**PROBLEM STATEMENT**: Word for word, restate the entries below, but exclude the images.

**RECORDS PROVIDED**:
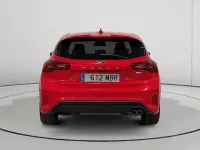 Usado Ford Focus ST-Line 125 CV (91 kW) 2022 Rojo Utilitario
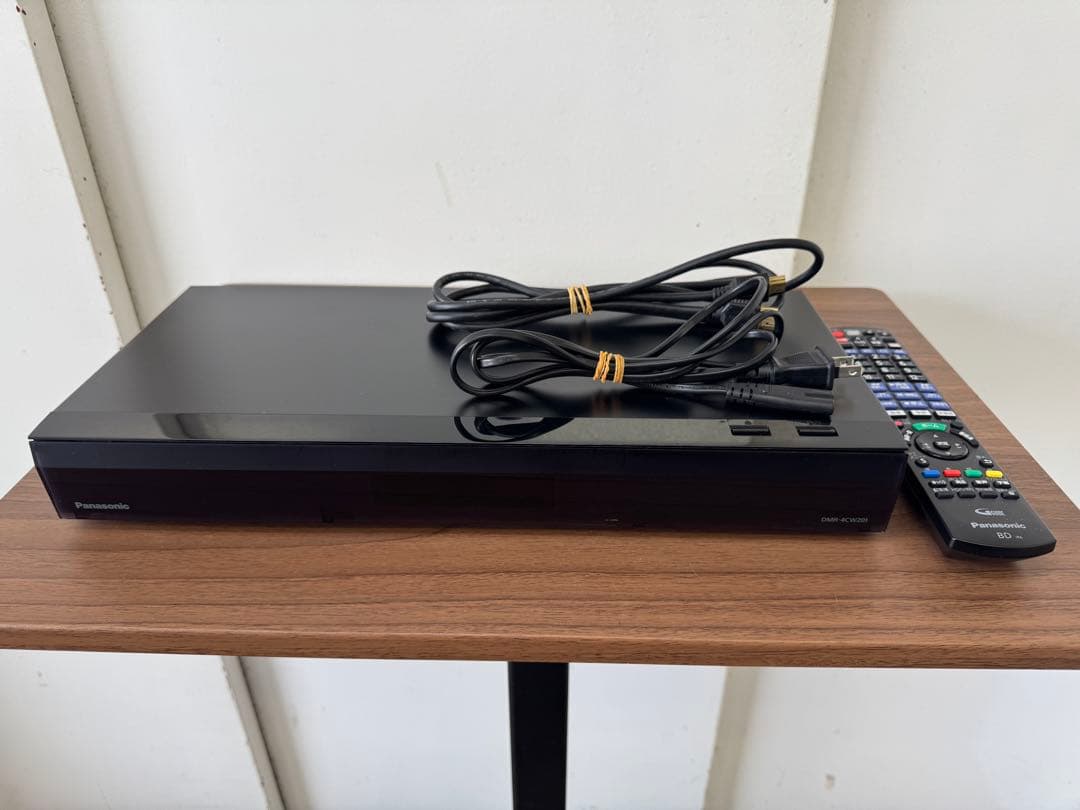 F030　美品　Panasonic　ブルーレイレコーダー DIGA　2TB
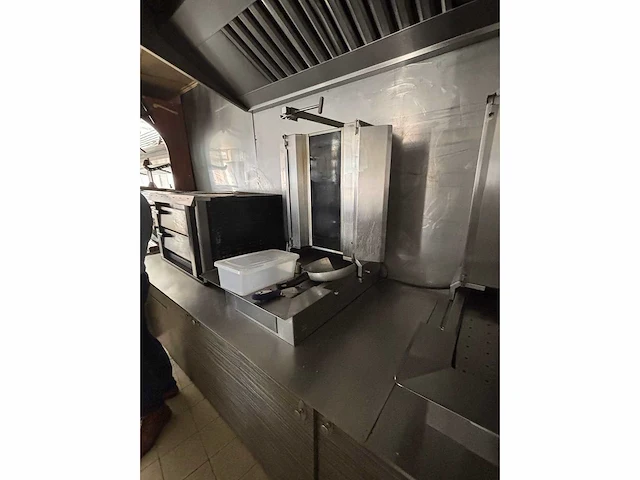 Inhoud horeca kebab zaak - afbeelding 17 van  64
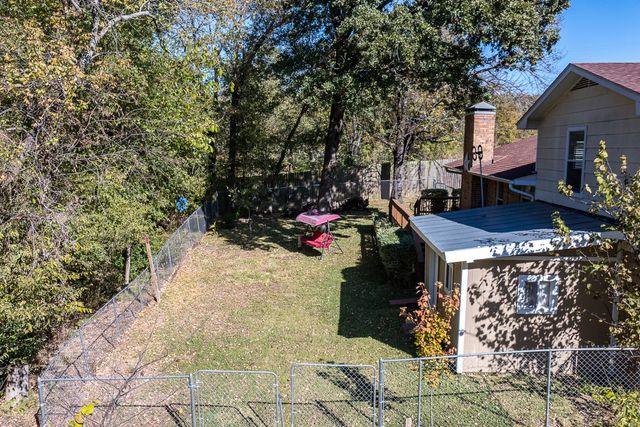 15690 Hilltop Drive, Kemp, TX 75143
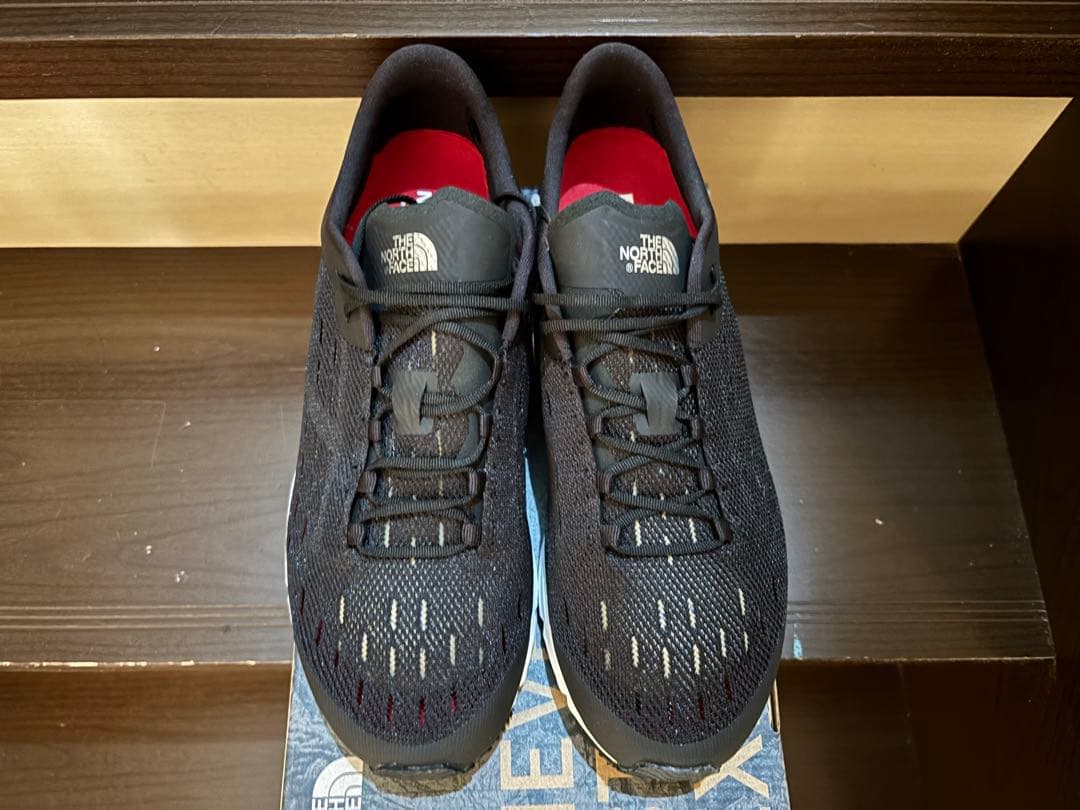 ノースフェイス　ランニングシューズ　ブラック　新品　27.5cm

**ANSWER TO THE PROBLEM**:
 Usado Ford Focus ST-Line 125 CV (91 kW) 2022 Rojo Utilitario
 F030　美品　Panasonic　ブルーレイレコーダー DIGA　2TB
 Inhoud horeca kebab zaak - afbeelding 17 van  64
 15690 Hilltop Drive, Kemp, TX 75143
 ノースフェイス　ランニングシューズ　ブラック　新品　27.5cm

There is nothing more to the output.